* **Goal of the exercise**:
Restate word for word the lines of the material below, from the line with "Hermes Kelly Mini" to the line with "Miniatyrbild 2 av", both lines included, and no others.

* **The input**:
----------
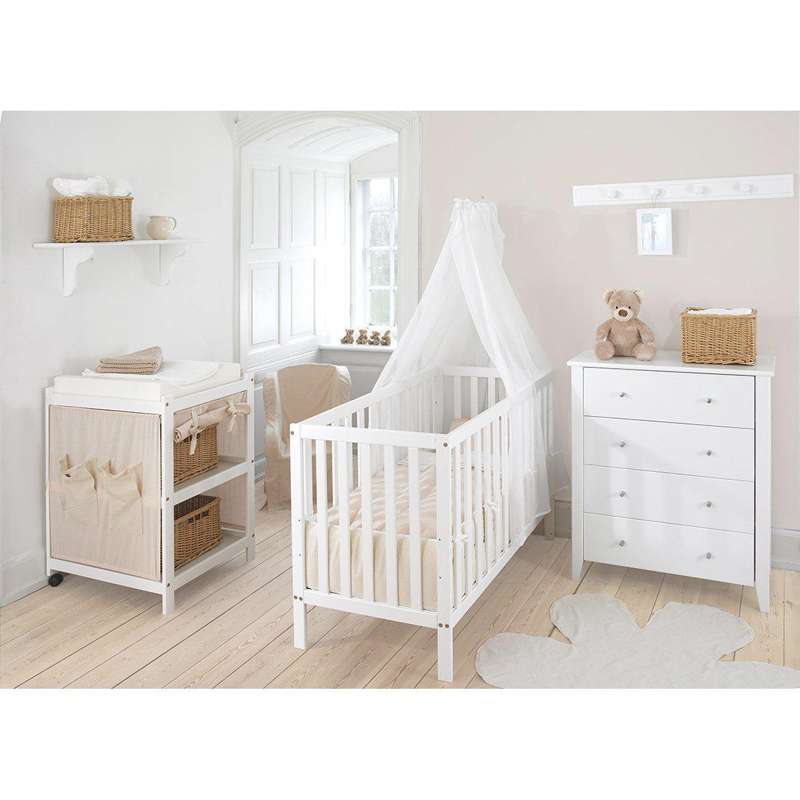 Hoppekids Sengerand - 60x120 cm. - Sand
----------
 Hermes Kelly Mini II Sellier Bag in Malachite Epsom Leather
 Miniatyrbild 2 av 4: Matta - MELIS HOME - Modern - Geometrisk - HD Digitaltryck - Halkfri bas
----------
* **Response to this task**:
 Hermes Kelly Mini II Sellier Bag in Malachite Epsom Leather
 Miniatyrbild 2 av 4: Matta - MELIS HOME - Modern - Geometrisk - HD Digitaltryck - Halkfri bas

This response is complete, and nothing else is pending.